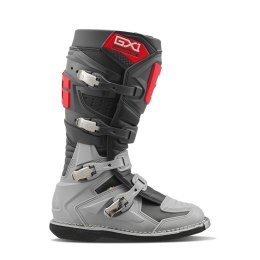 GAERNE BUTY CROSS/ENDURO MODEL GX-1 GOODYEAR ANTHRACITE/GREY/RED KOLOR ANTRACYT/SZARY ROZMIAR 48
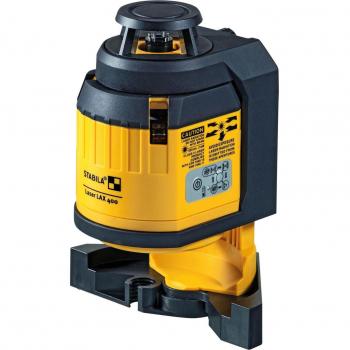 Stabila LAX 400 Self-Levelling Multi-Line Laser Level Kit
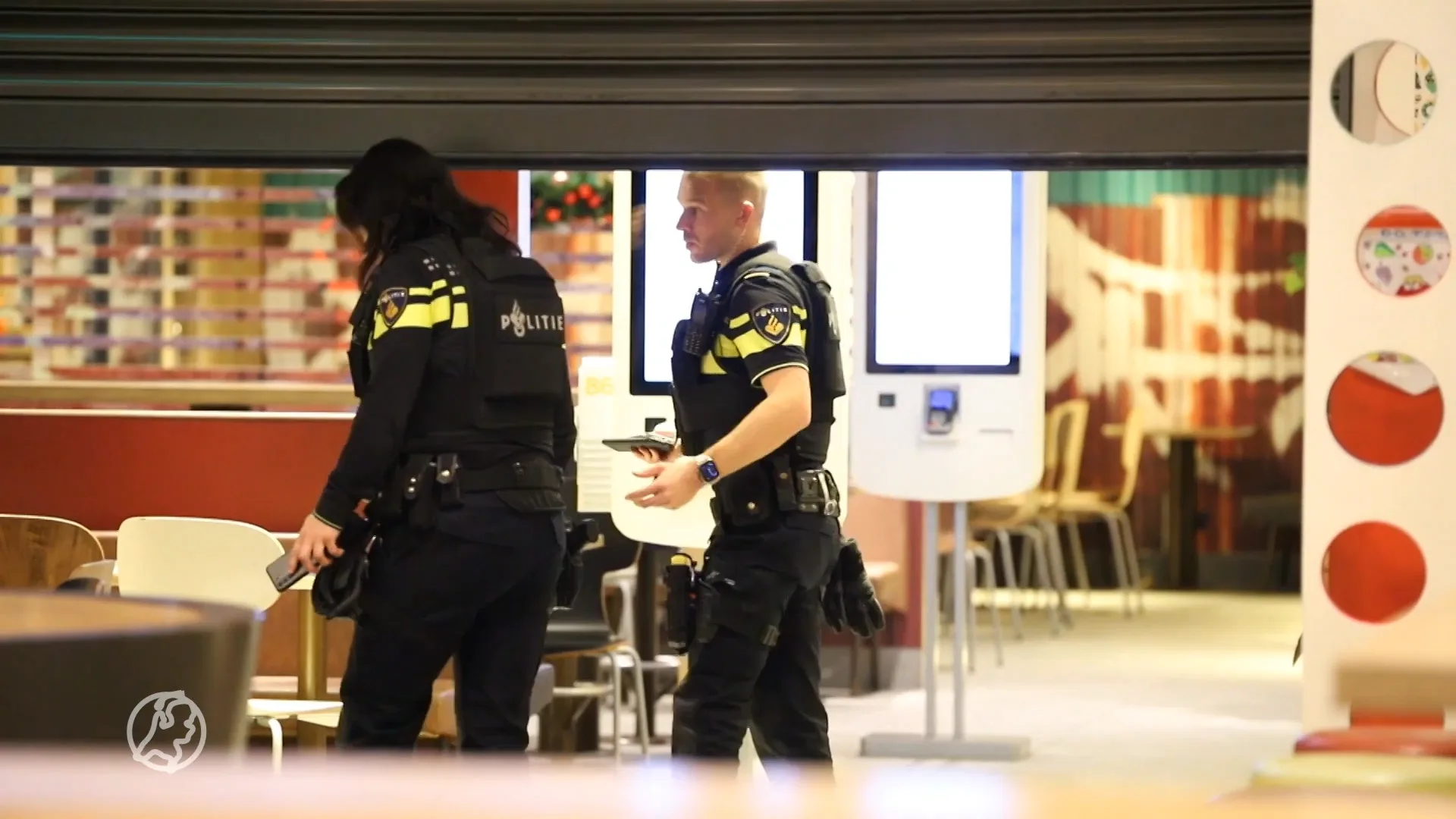 Politie zoekt voortvluchtige man na gewapende overval op McDonald's Arnhem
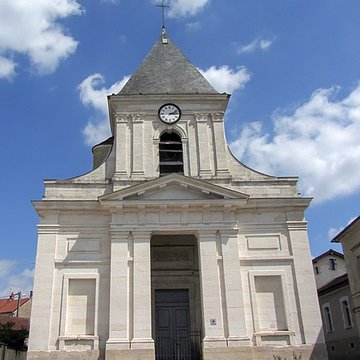 Église Saint-Barthélemy de Cruzy-le-Châtel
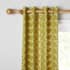 Orla Kiely Linear Stem Curtains Olive small 4362A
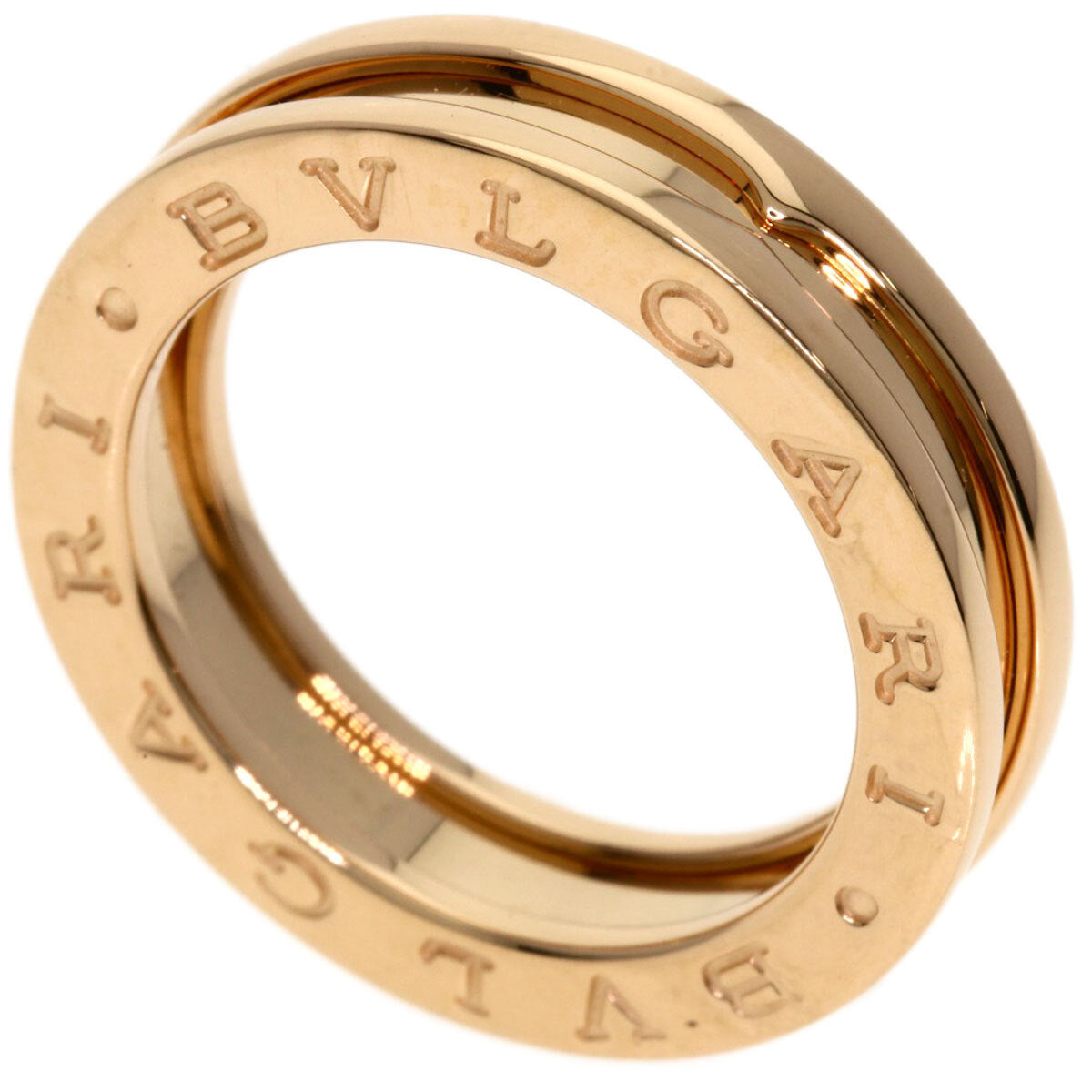 Bvlgari Ring B.Zero1 1 Band #51 K18 Pink Gold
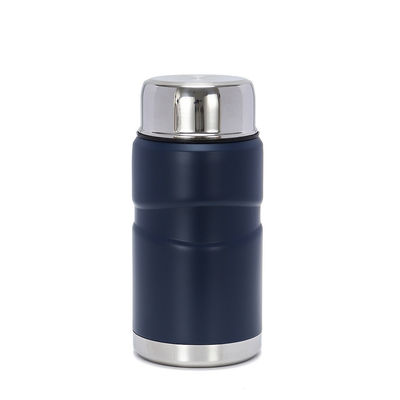 750ml Wide Mouth Soup Thermoses For Hot Food With Spoon Insulated Food Jar and Design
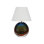 Voyage Nickel Cordless Table Lamp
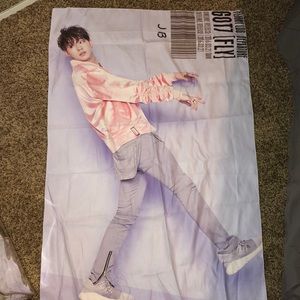 Kpop: Got7 JB blanket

......

■ **What the exercise asks**:
Which lines run from the one holding "Orla Kiely Linear" through the end of the records? Reproduce them word for word, both ends included, with no pictures.

■ **Answer section**:
 Orla Kiely Linear Stem Curtains Olive small 4362A
 Bvlgari Ring B.Zero1 1 Band #51 K18 Pink Gold
 750ml Wide Mouth Soup Thermoses For Hot Food With Spoon Insulated Food Jar and Design
 Voyage Nickel Cordless Table Lamp
 Kpop: Got7 JB blanket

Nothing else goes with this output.